Abstract: Bayesian Structural Equation Modeling for Small Samples: A Powerful Approach to Address Grand Challenges for Social Work Research (Society for Social Work and Research 24th Annual Conference - Reducing Racial and Economic Inequality)

593P Bayesian Structural Equation Modeling for Small Samples: A Powerful Approach to Address Grand Challenges for Social Work Research

Sunday, January 19, 2020
Marquis BR Salon 6 (ML 2) (Marriott Marquis Washington DC)
* noted as presenting author
Jarod Giger, PhD, Associate Professor, University of Kentucky, Lexington, KY
Sheila Barnhart, PhD, Assistant Professor, University of Kentucky, Lexington, KY
Carlton Craig, PhD, Director and Professor, University of Nevada, Las Vegas, Las Vegas, NV
Leah Windsor, PhD, Research Assistant Professor, University of Memphis, Memphis, TN
Background: Children living in Appalachian are underrepresented in health and wellness social work research despite their well-documented economic and health disparities. One of the 12 Grand Challenges for Social Work is to ensure the healthy development for all youth. However, social work research involving the healthy development of youth in Appalachian is scarce. Social work needs a small sample statistical approach to model data where “large” data collection may be difficult or expensive to obtain, such as children residing in economically distressed Appalachian communities.  Bayesian structural equation modeling (BSEM) methods are becoming more popular in social and behavioral science due to the intuitive nature and practical advantages of Bayes Theorem, but applications in social work research are limited.  The purpose of this study is to (1) introduce BSEM, (2) discuss the usefulness of Bayesian methods in small sample social work research, and, (3) illustrate how to apply BSEM in a social work research setting.  

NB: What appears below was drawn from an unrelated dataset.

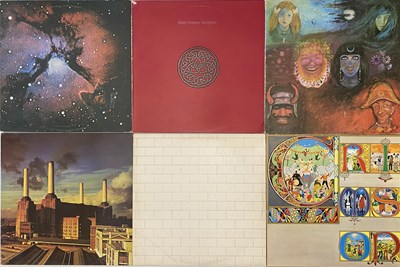 Lot 1036 - KING CRIMSON/ PINK FLOYD - LP PACK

Method: This community-based participatory research study contrasted a confirmatory factor analysis on the electronic health literacy scale (eHEALS) with a sample of rural 7th grade children (n=137) residing in three economically distressed counties in Appalachian using a commonly applied estimator, maximum likelihood (ML), and a BSEM approach using noninformative, weekly informative, and informative priors.  Model fit and comparison were evaluated by common SEM-Based fit indices and Bayesian fit indices. 

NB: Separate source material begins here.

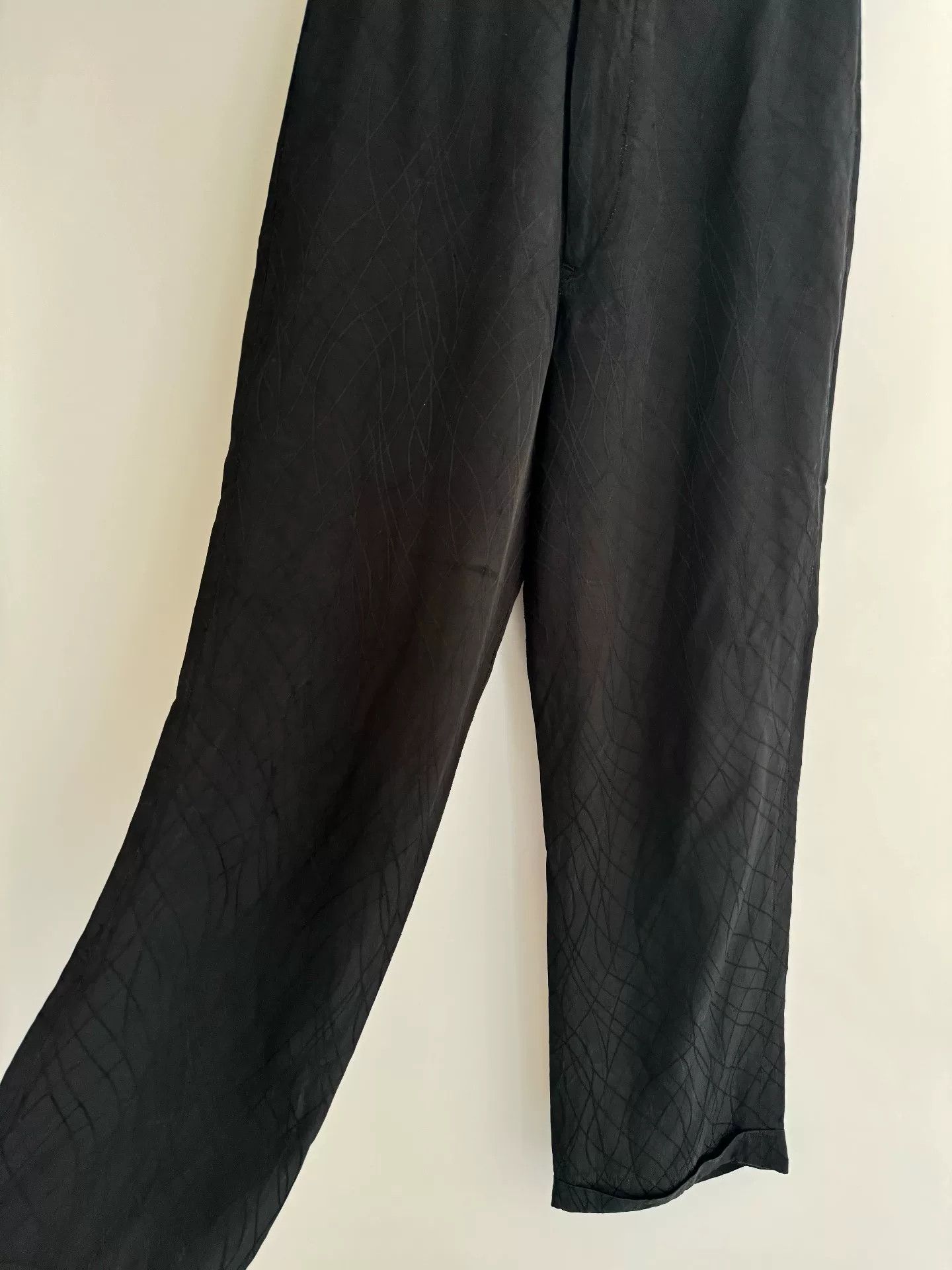 Yohji Yamamoto Black Yohji Yamamoto Striped Pants Size US 26 / EU 42 - 5 Thumbnail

Results: The BSEM results demonstrated empirical support for the 1-factor eHEALS model as a parsimonious and reasonable representation of electronic health literacy. The BSEM produced an excellent fitting model (PPP = .50), whereas the ML-based model showed an acceptable fit for the data, χ2(17) = 32.79 (p = .01), RMSEA (CI) = 0.08 (0.04-0.13), CFI= 0.98, TLI= 0.95.  The use of informative priors improved the PPP for the models. Reasons for this discrepancy between ML and BSEM are discussed along with potential advantages and caveats with BSEM. 

Conclusion: The eHEALS scale demonstrates strong measurement in a limited sample of 7th grade children residing in Appalachian. The current BSEM study highlights the importance of considering a Bayesian approach when planning and conducting social work research, especially for Grand Challenges research.